### Work instructions
Only the lines below from the one containing "HUZZAH - Colored T - on front" through the one containing "Pawsitive Vibes Only" belong in the answer, set down exactly, with the pictures left out.

### Dataset excerpts
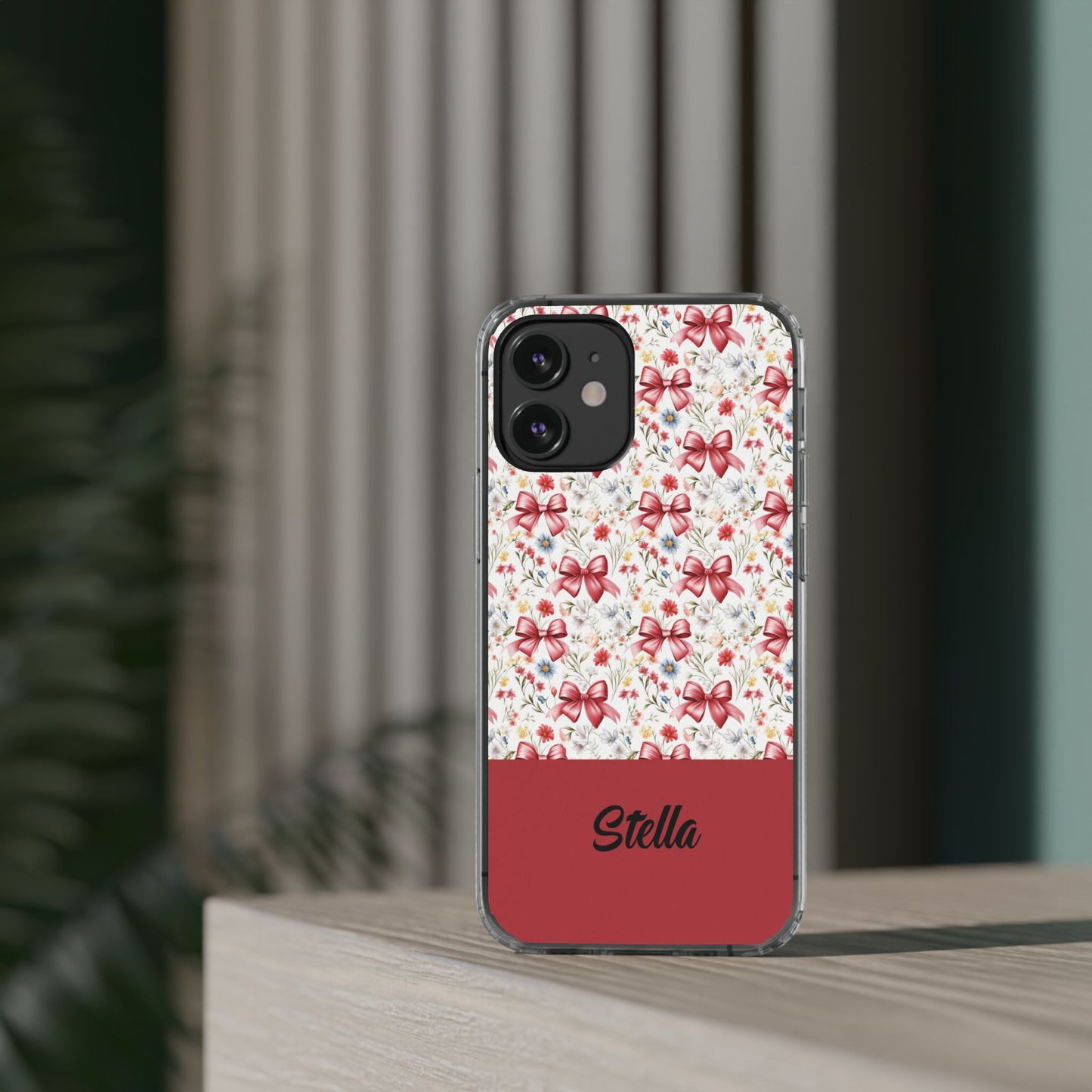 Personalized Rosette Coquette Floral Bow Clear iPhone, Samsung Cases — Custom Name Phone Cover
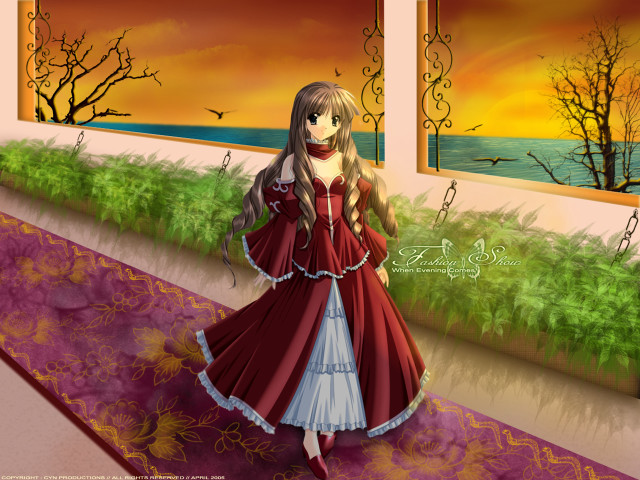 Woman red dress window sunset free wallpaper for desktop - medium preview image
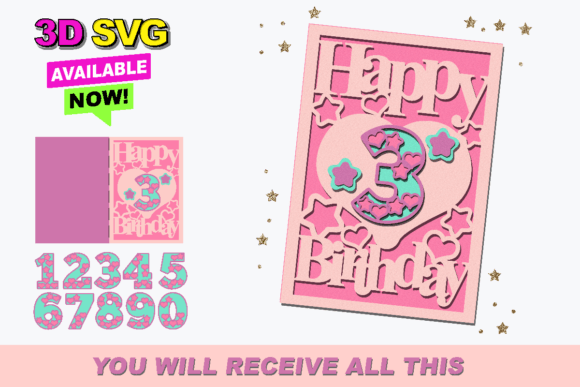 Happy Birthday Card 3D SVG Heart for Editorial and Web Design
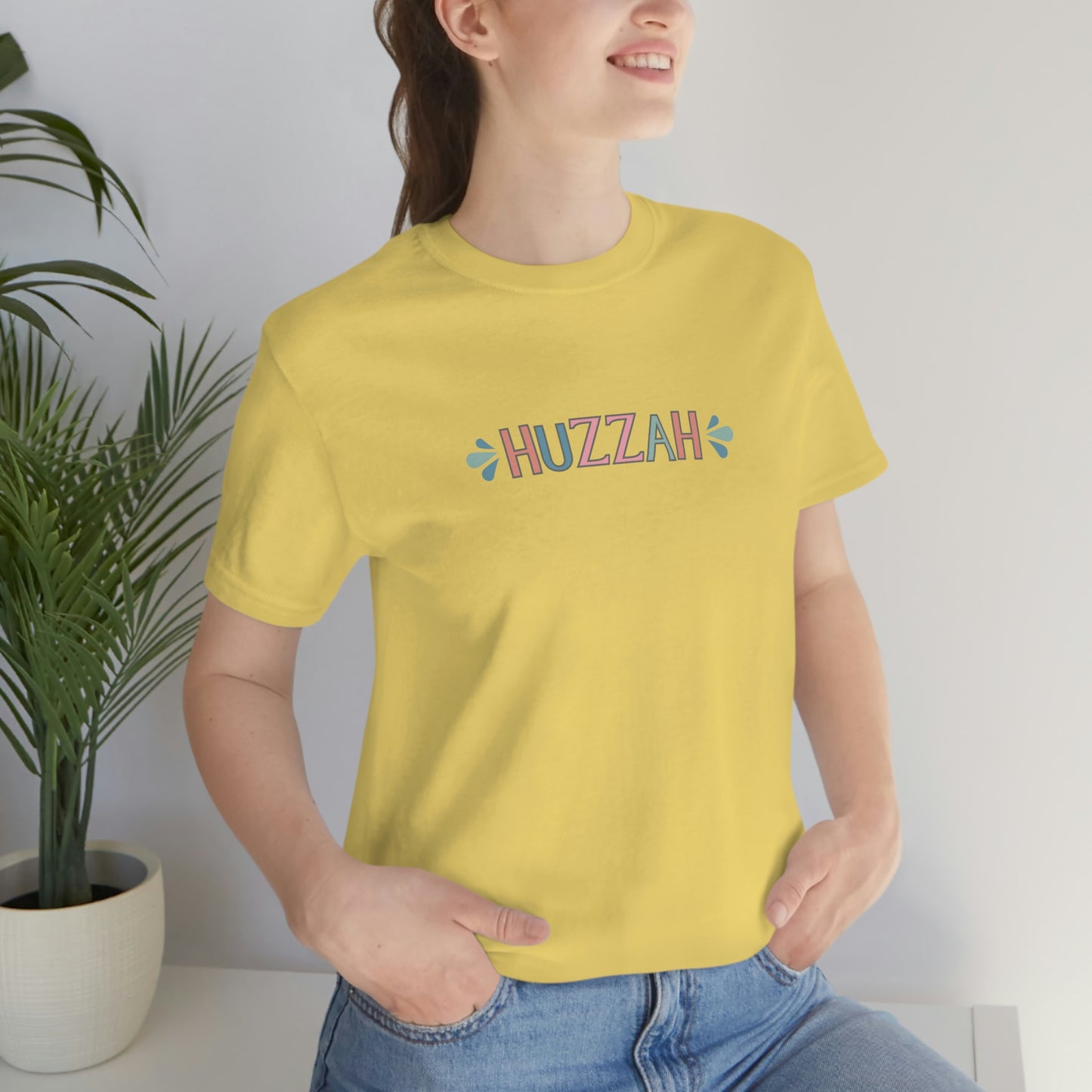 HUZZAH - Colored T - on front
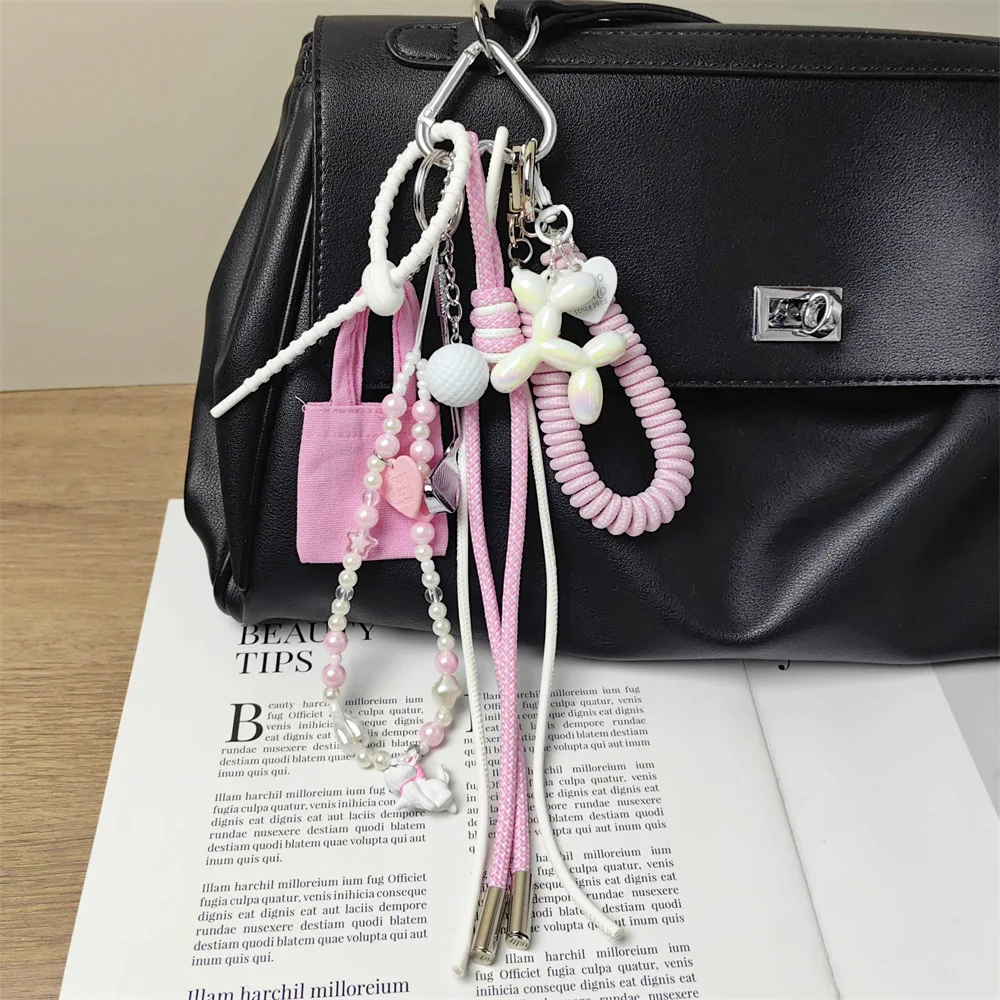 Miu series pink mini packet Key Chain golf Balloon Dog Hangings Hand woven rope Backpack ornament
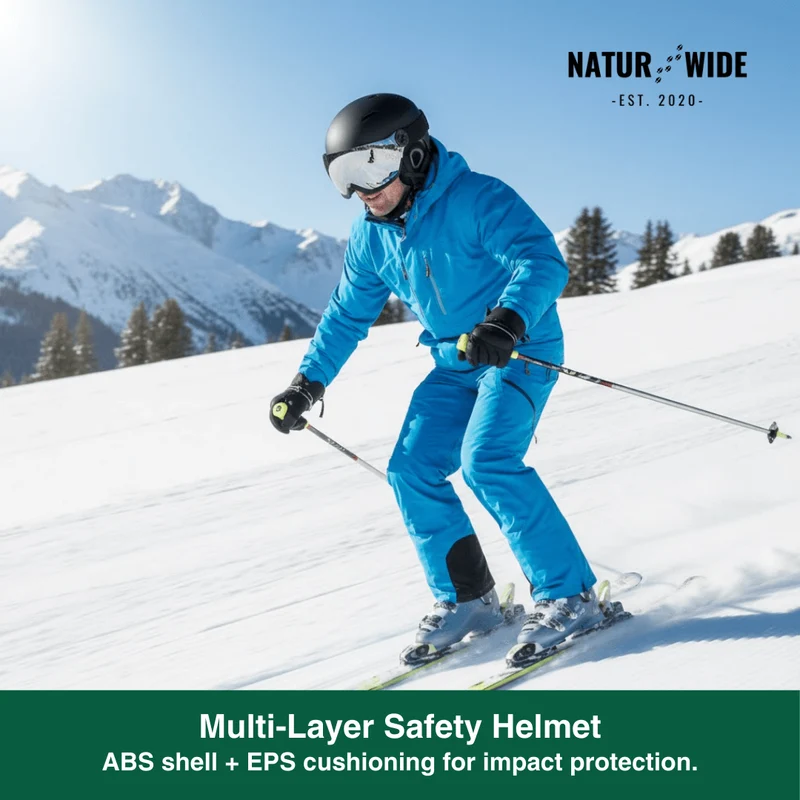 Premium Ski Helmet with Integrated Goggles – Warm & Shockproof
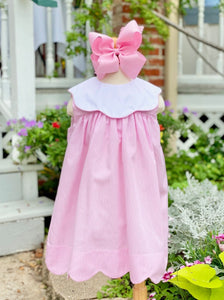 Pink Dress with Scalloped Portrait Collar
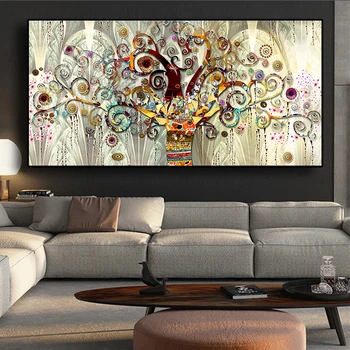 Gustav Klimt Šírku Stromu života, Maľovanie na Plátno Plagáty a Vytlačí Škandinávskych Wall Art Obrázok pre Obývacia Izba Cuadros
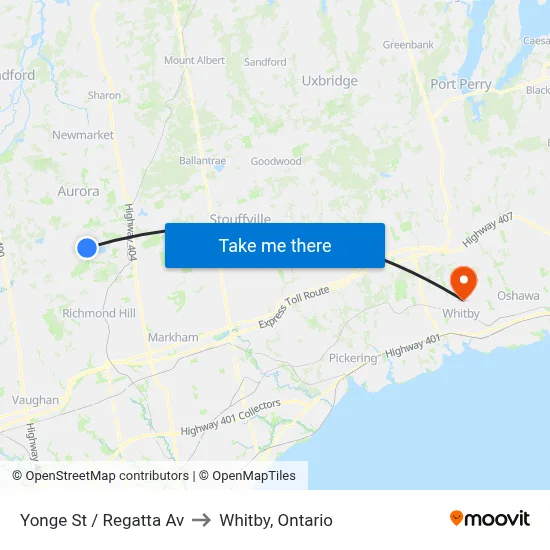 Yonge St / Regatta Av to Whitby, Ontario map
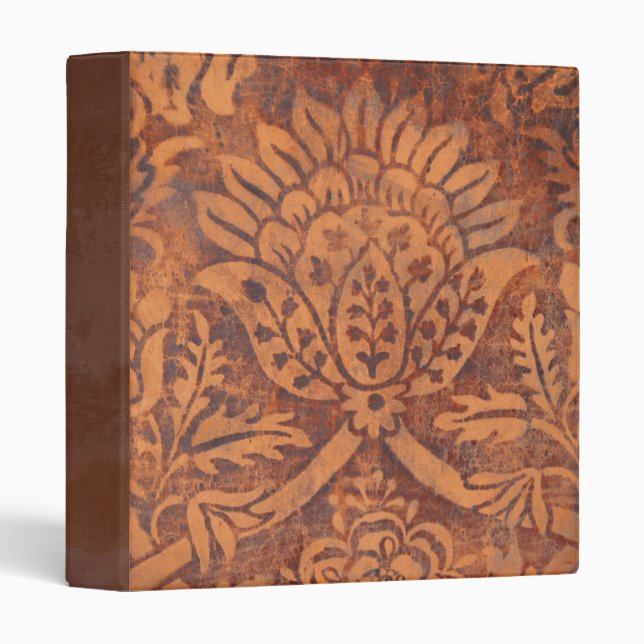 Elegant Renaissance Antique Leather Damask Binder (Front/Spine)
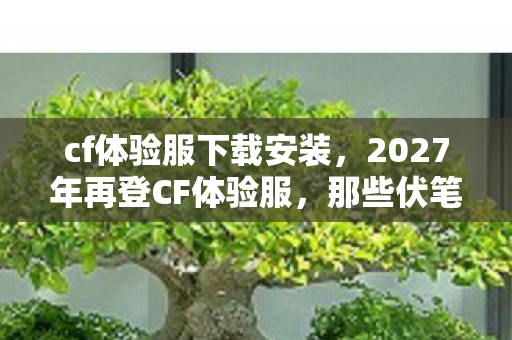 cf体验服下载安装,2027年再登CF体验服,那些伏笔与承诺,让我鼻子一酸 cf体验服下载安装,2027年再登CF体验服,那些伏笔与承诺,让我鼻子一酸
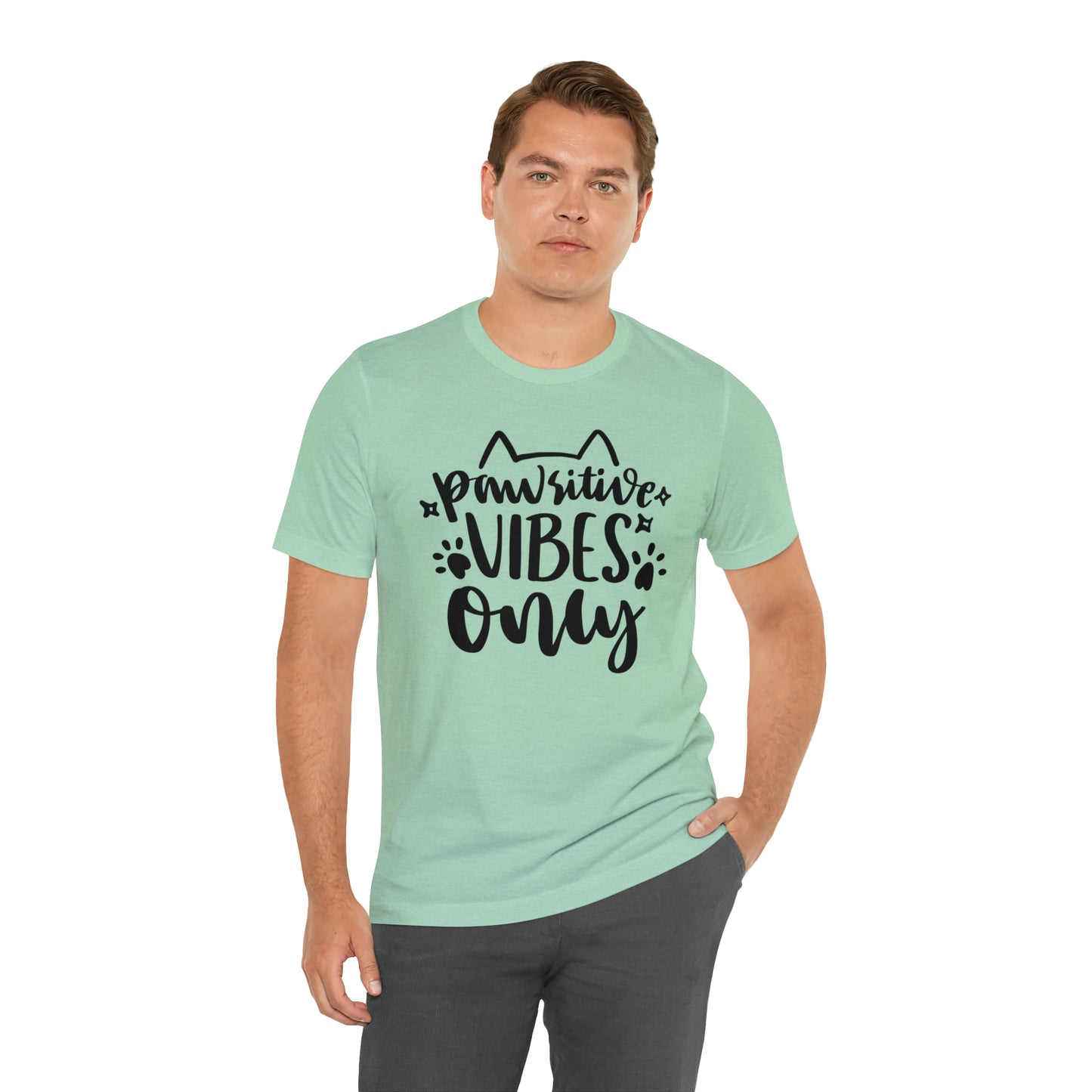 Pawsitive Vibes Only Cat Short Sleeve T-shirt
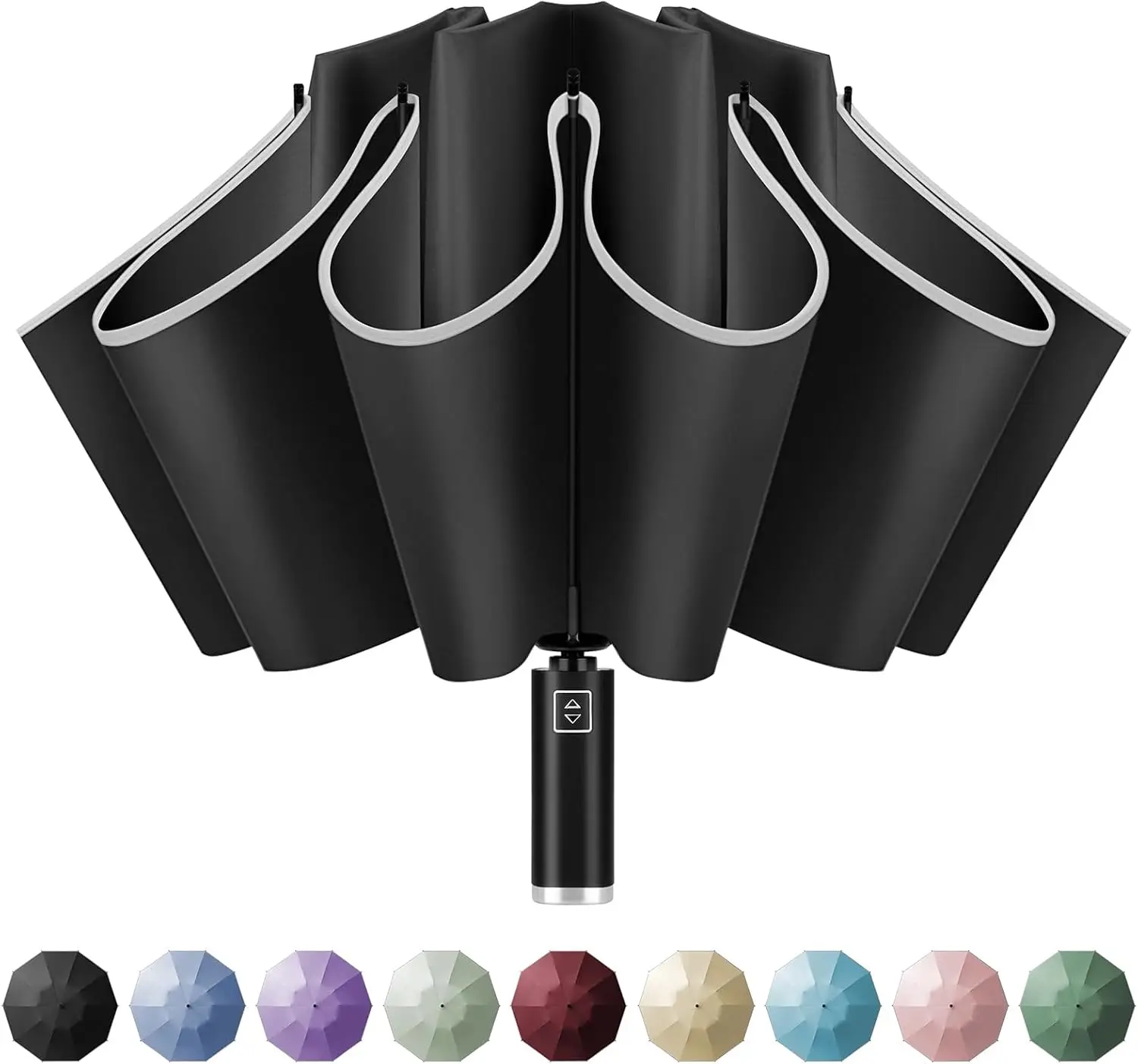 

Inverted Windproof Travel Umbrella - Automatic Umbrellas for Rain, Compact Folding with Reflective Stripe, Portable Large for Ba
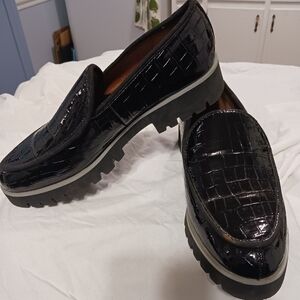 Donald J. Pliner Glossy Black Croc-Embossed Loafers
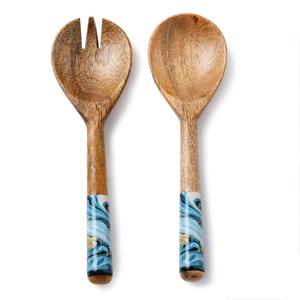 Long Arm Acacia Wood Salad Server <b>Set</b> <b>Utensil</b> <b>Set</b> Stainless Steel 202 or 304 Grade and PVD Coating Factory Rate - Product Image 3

### Solution to the problem
 HUZZAH - Colored T - on front
 Miu series pink mini packet Key Chain golf Balloon Dog Hangings Hand woven rope Backpack ornament
 Premium Ski Helmet with Integrated Goggles – Warm & Shockproof
 Pink Dress with Scalloped Portrait Collar
 Gustav Klimt Šírku Stromu života, Maľovanie na Plátno Plagáty a Vytlačí Škandinávskych Wall Art Obrázok pre Obývacia Izba Cuadros
 Yonge St / Regatta Av to Whitby, Ontario map
 Elegant Renaissance Antique Leather Damask Binder (Front/Spine)
 cf体验服下载安装,2027年再登CF体验服,那些伏笔与承诺,让我鼻子一酸 cf体验服下载安装,2027年再登CF体验服,那些伏笔与承诺,让我鼻子一酸
 Pawsitive Vibes Only Cat Short Sleeve T-shirt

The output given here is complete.